YOUR INSTRUCTIONS ▸
In the copy, keep every word of the data below and none of its pictures.
##############################
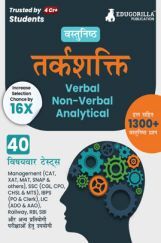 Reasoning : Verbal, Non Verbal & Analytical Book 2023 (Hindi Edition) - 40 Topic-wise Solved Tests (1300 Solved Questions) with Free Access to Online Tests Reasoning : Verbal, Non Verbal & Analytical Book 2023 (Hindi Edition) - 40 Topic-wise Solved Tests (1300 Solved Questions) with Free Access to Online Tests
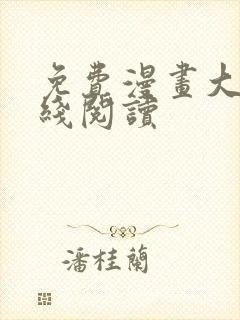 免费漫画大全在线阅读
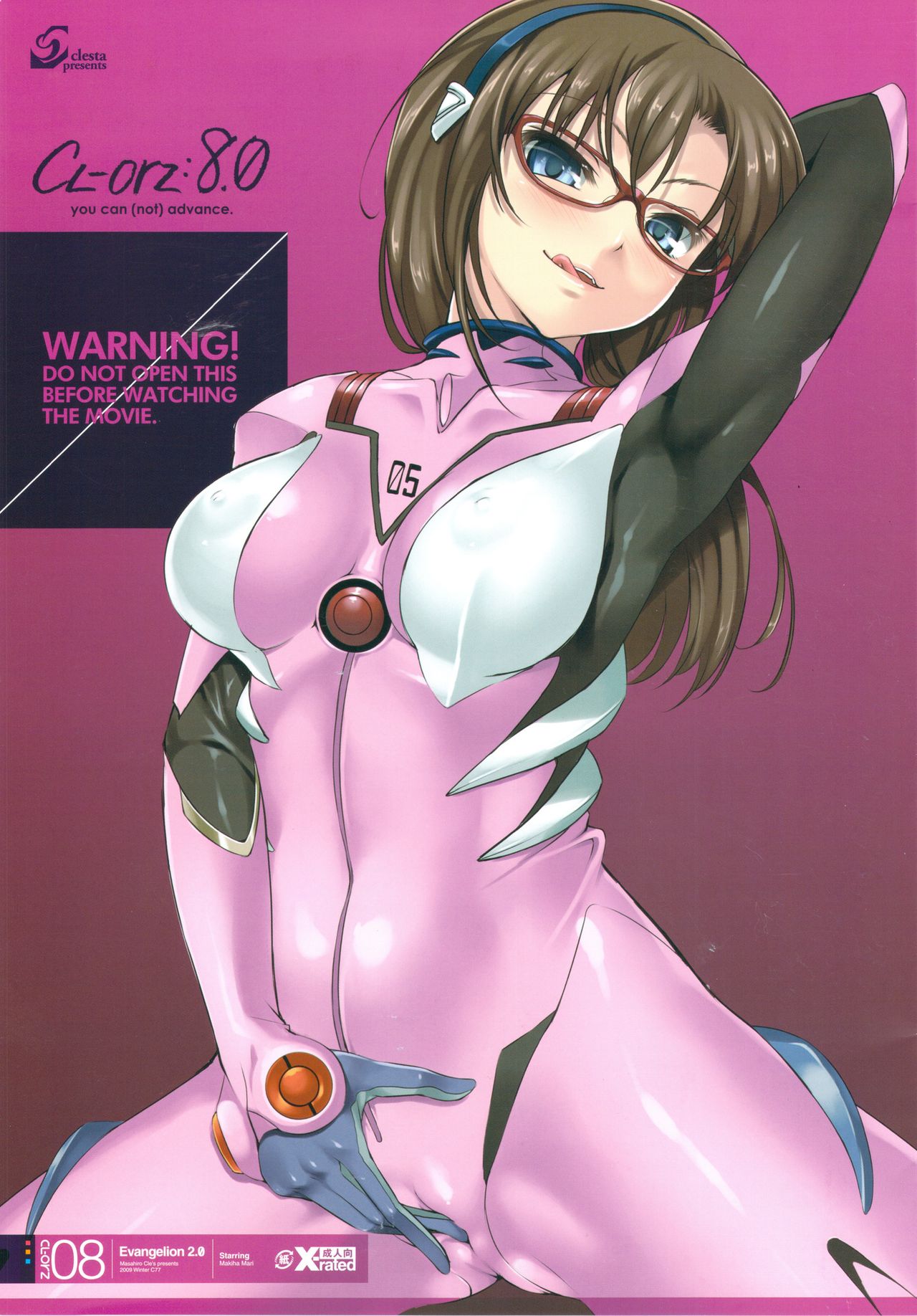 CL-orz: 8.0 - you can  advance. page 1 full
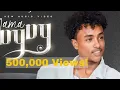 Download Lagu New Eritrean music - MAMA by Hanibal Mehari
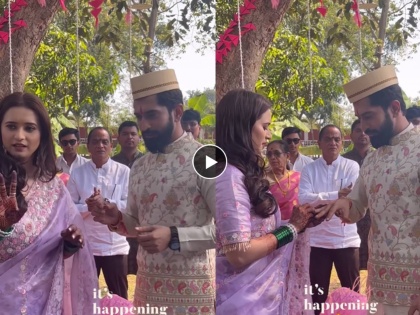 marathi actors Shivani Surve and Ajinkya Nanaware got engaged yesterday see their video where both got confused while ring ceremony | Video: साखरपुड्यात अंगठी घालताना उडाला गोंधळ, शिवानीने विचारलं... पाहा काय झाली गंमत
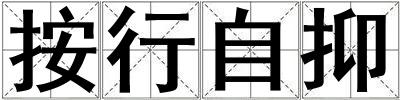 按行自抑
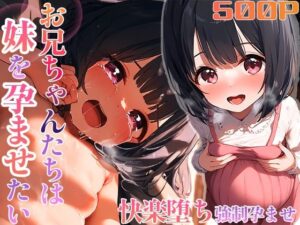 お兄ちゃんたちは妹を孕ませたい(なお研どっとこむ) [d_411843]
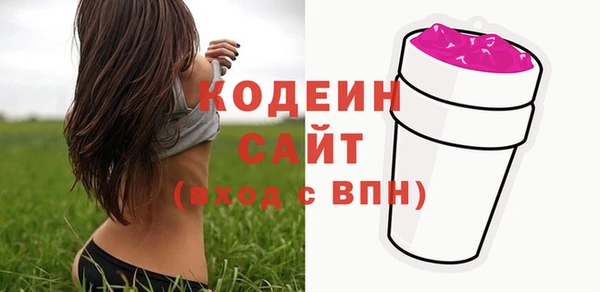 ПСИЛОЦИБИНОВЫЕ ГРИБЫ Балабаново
##############################
ANSWER BELOW ▸
 Reasoning : Verbal, Non Verbal & Analytical Book 2023 (Hindi Edition) - 40 Topic-wise Solved Tests (1300 Solved Questions) with Free Access to Online Tests Reasoning : Verbal, Non Verbal & Analytical Book 2023 (Hindi Edition) - 40 Topic-wise Solved Tests (1300 Solved Questions) with Free Access to Online Tests
 免费漫画大全在线阅读
 CL-orz: 8.0 - you can  advance. page 1 full
 Download Lagu New Eritrean music - MAMA by Hanibal Mehari
 marathi actors Shivani Surve and Ajinkya Nanaware got engaged yesterday see their video where both got confused while ring ceremony | Video: साखरपुड्यात अंगठी घालताना उडाला गोंधळ, शिवानीने विचारलं... पाहा काय झाली गंमत
 按行自抑
 お兄ちゃんたちは妹を孕ませたい(なお研どっとこむ) [d_411843]
 ПСИЛОЦИБИНОВЫЕ ГРИБЫ Балабаново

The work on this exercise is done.